A grandeza da produção literária de Carlos Drummond de Andrade é de tal magnitude que permite, além do deleite intelectual, a explicação das diversas faces do país em variados momentos históricos, muito além do momento em que determinado livro do autor mineiro tenha sido escrito. “Alguma poesia”, obra de 1930, permite refletir, com base em alguns de seus poemas, sobre a complexa situação vivenciada atualmente pela sociedade brasileira.

“Deus vela o sono e o sonho dos brasileiros. / Mas eles acordam e brigam de novo” (poema ‘Outubro 1930’).
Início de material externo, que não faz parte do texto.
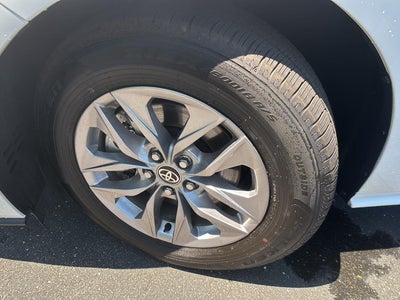 2026 Toyota SIENNA LE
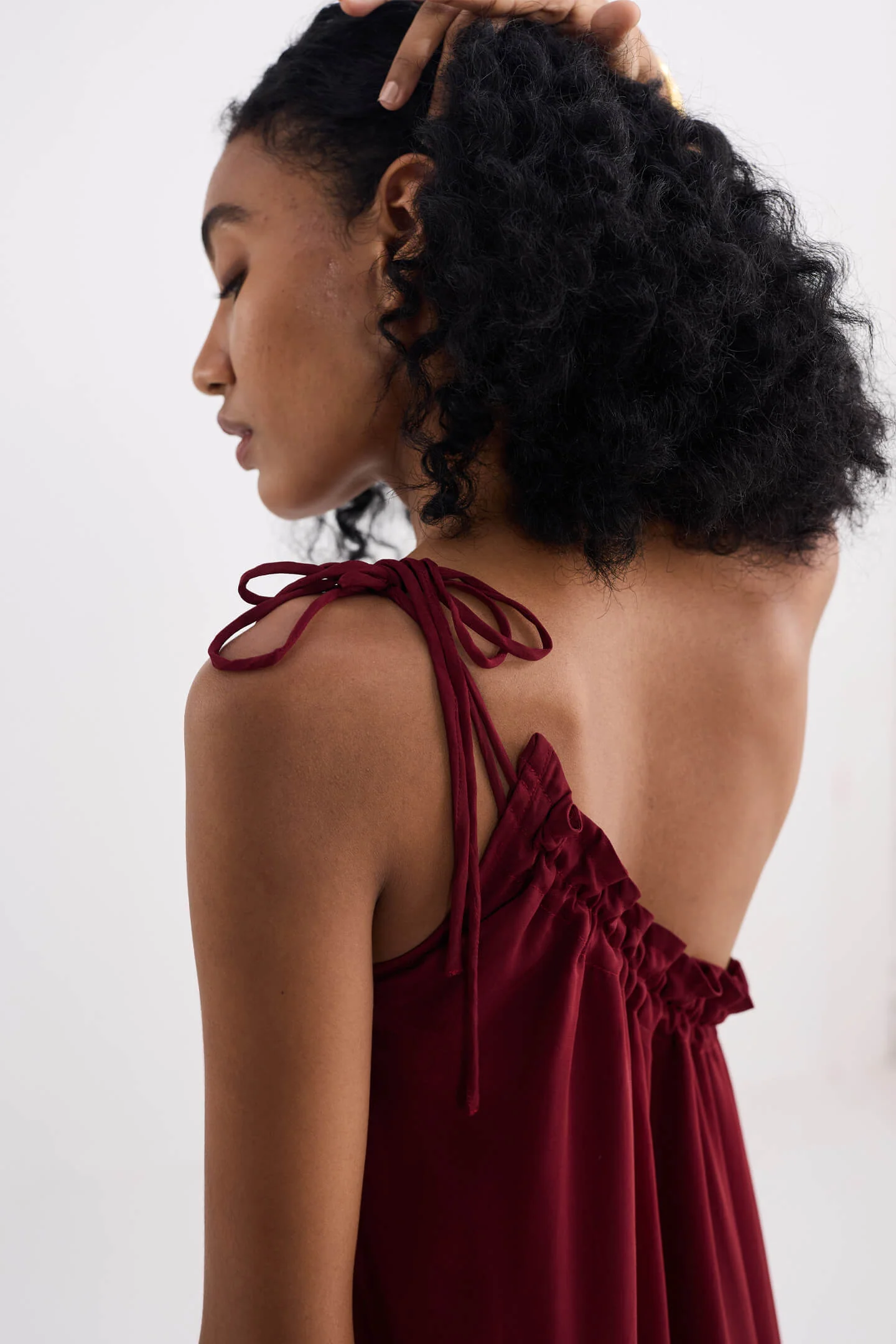 One-shoulder Maxi dress in Burgundy - Image 4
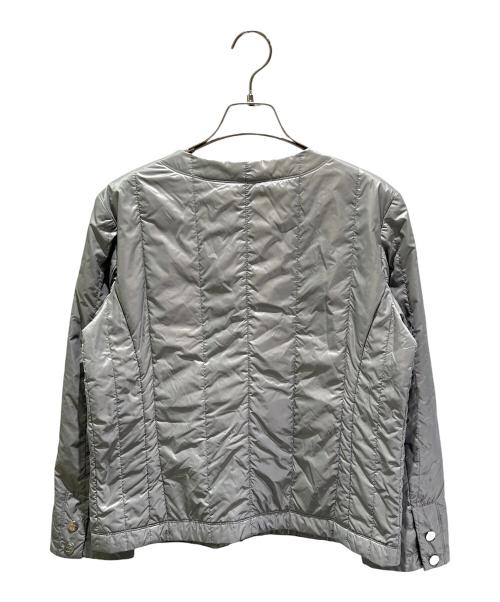 CHANEL（シャネル）CHANEL (シャネル) ココマークボタンナイロンノーカラーダウンジャケット グレー サイズ:40の古着・服飾アイテム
O clima de animosidade entre os compatriotas tem crescido há vários anos no Brasil e nada indica que vá arrefecer até o pleito presidencial de 2022. Ao contrário, parece cada vez mais evidente a impossibilidade de diálogo entre as correntes que expressam diversas visões de mundo socialmente. Viabilizar algum campo de convergência para a construção de um projeto de reestruturação do país é o grande desafio do próximo presidente da República.

“Eu estava sonhando… / E há em todas as consciências um cartaz amarelo: / ‘Neste país é proibido sonhar” (poema ‘Sentimental’). A falta de esperança é característica marcante do brasileiro em 2021. Há pouco mais de quinze anos, aliás, quando a onda de escândalos de corrupção sistemática começou a ser exposta pela imprensa, de forma recorrente, em governos de esquerda e de direita, vislumbrar um futuro com melhores condições de vida e um ambiente público mais decente, passou a demandar imaginação mais fértil, beirando a ingenuidade.

“Ora, afinal a vida é um bruto romance / e nós vivemos folhetins sem o saber” (poema ‘Sweet home’). O caráter novelesco da realidade brasileira é mais surpreendente que a ficção. Entre a construção e a destruição da respectiva imagem como herói ou vilão, três figuras aparecem em cena: Lula, Bolsonaro e Moro. Ainda que outros atores possam surgir no enredo e assumir eventual protagonismo, as paixões do eleitorado resumem-se atualmente a acompanhar a trajetória das personagens mencionadas e o desenrolar dos capítulos da história folhetinesca que desaguará nas eleições de 2022.

“Um novo, claro Brasil / surge, indeciso, da pólvora. / Meu Deus, tomai conta de nós” (poema ‘Outubro 1930’). Embora o horizonte pareça nublado, dada a tempestade que tomou conta da vida social nos últimos anos e a promessa de chuvas e trovoadas no curto prazo, sempre há a busca de uma nesga de luz no futuro da nação. Para que o firmamento surja de modo resplandecente a médio e longo prazos, porém, é necessário que a sociedade civil, por meio das instituições democráticas, redefina as premissas que constituem os fundamentos do país, por meio de retórica não divisiva e projetos que incluam os cidadãos olhando para o mesmo ponto. A postura maniqueísta adotada há tempos no campo político, distinguindo a comunidade brasileira entre ‘nós’ e ‘eles’, tem intoxicado a convivência e impossibilitado qualquer visão nacional.

A qualidade artística da obra de Drummond transformou-a em clássico da literatura nacional. Tal atributo, por definição, faz com que as palavras do autor mineiro toquem a sensibilidade de qualquer indivíduo, independentemente do tempo e do espaço em que o leitor esteja. É o que se aplica ao caso: somente a genialidade do poeta de Itabira, mais de oitenta anos depois de manifestada, é capaz de levar alguma poesia ao duro cotidiano brasileiro de 2021.

Elton Duarte Batalha é professor de Direito, pesquisador do Centro Mackenzie de Liberdade Econômica da Universidade Presbiteriana Mackenzie, advogado e doutor em Direito pela USP.